Discriminant Practice Quiz

Boost quadratic skills through interactive challenges

Difficulty: Moderate
Grade: Grade 8
Study OutcomesCheat Sheet
Colorful paper art promoting a high school algebra quiz on discriminants of quadratic equations.

What is the formula for the discriminant of a quadratic equation in the form ax^2 + bx + c = 0?
b^2 - 4ac
4ac - b^2
b - 4ac
b^2 + 4ac
The discriminant is defined as b^2 - 4ac and is used to determine the nature of the quadratic's roots. This formula helps determine if the solutions are real or complex.

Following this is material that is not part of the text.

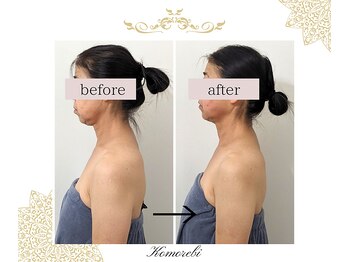 コモレビ(Komorebi)/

For the quadratic equation 3x^2 + 6x + 3 = 0, what is the discriminant?
0
36
9
-9
Calculating the discriminant gives 6^2 - 4*3*3 = 36 - 36 = 0. A zero discriminant indicates the quadratic has one repeated real root.

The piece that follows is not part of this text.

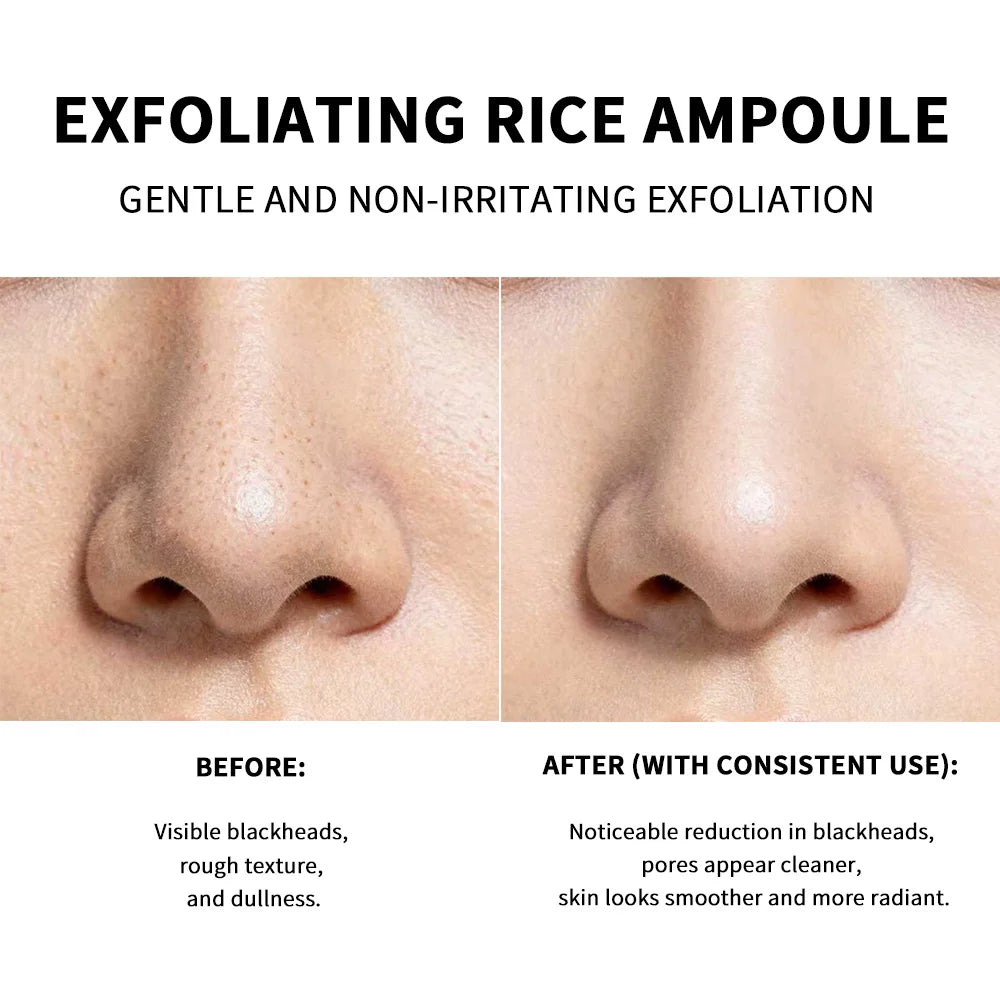 Exfoliating Rice Essence for Radiant and Smooth Skin - 5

What does a discriminant value of 0 indicate about the roots of a quadratic equation?
It indicates one real repeated root.
It indicates two distinct real roots.
It indicates two complex roots.
It indicates one real and one complex root.
When the discriminant is zero, the quadratic equation has exactly one real solution, meaning both roots are the same (a repeated or double root).
For the equation x^2 - 5x + 6 = 0, what is the value of the discriminant?
1
0
25
-1
The discriminant is calculated as (-5)^2 - 4*1*6 = 25 - 24, which equals 1. This positive value confirms that the equation has two distinct real roots.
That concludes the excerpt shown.